Data excerpts =
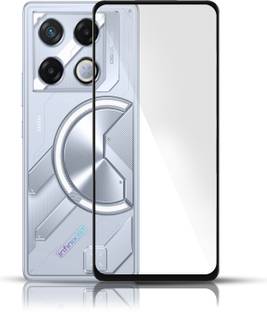 GLOBAL NOMAD Edge To Edge Tempered Glass for Infinix GT 20 Pro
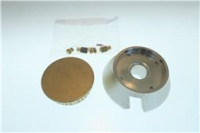 KIT FLEX BURNER 7KW NICKEL-PLATED COMPLE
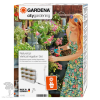 Комплект микрокапельного полива Gardena для вертикального садоводства для 9 горизонтальных емкостей (шланг сочащийся (3/16″), адаптер для микрокапельной системы, штуцер) фото 2 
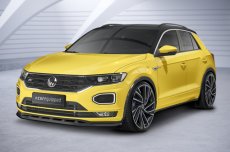 画像1: CSR フロントリップスポイラーCSL402 for VW T-ROC R-Line (1)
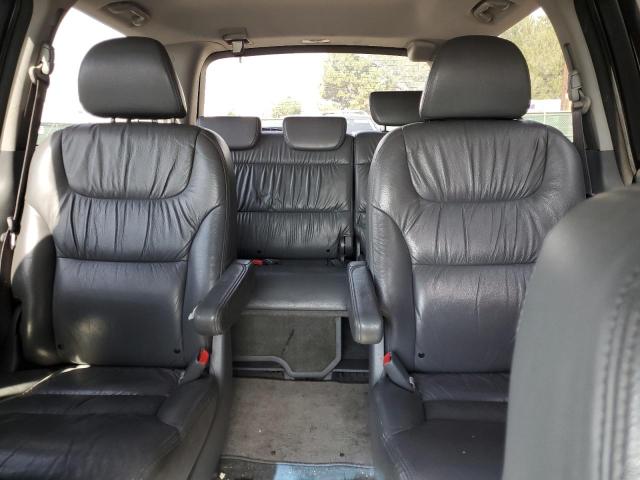5FNRL38887B057536 - 2007 HONDA ODYSSEY TOURING Gümüş fotoğraf 10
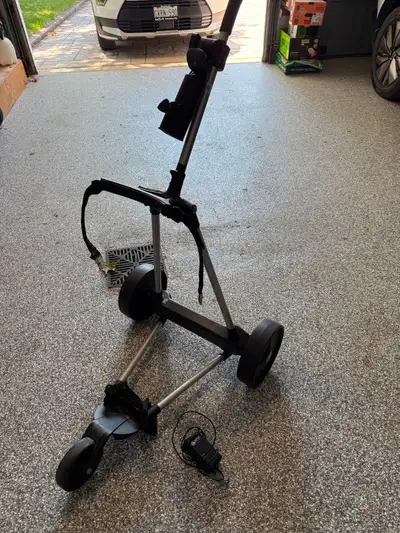 eMotion e3 Lithium Electric Golf Caddy, View more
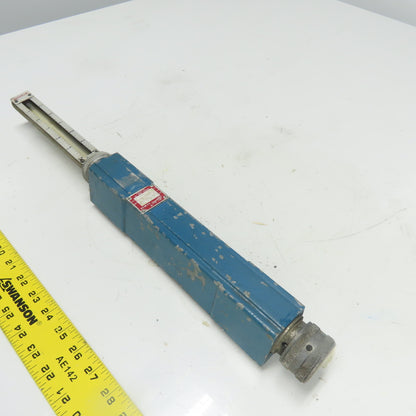 Waukee MV-6 Flow Meter 15PSIG 70°F Temp 0.96SG 0-150CFH Nitrogen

Work task = Repeat the listing above verbatim, but exclude the pictures it contains.

Written response =
 GLOBAL NOMAD Edge To Edge Tempered Glass for Infinix GT 20 Pro
 KIT FLEX BURNER 7KW NICKEL-PLATED COMPLE
 Комплект микрокапельного полива Gardena для вертикального садоводства для 9 горизонтальных емкостей (шланг сочащийся (3/16″), адаптер для микрокапельной системы, штуцер) фото 2 
 画像1: CSR フロントリップスポイラーCSL402 for VW T-ROC R-Line (1)
5FNRL38887B057536 - 2007 HONDA ODYSSEY TOURING Gümüş fotoğraf 10
 eMotion e3 Lithium Electric Golf Caddy, View more
 Waukee MV-6 Flow Meter 15PSIG 70°F Temp 0.96SG 0-150CFH Nitrogen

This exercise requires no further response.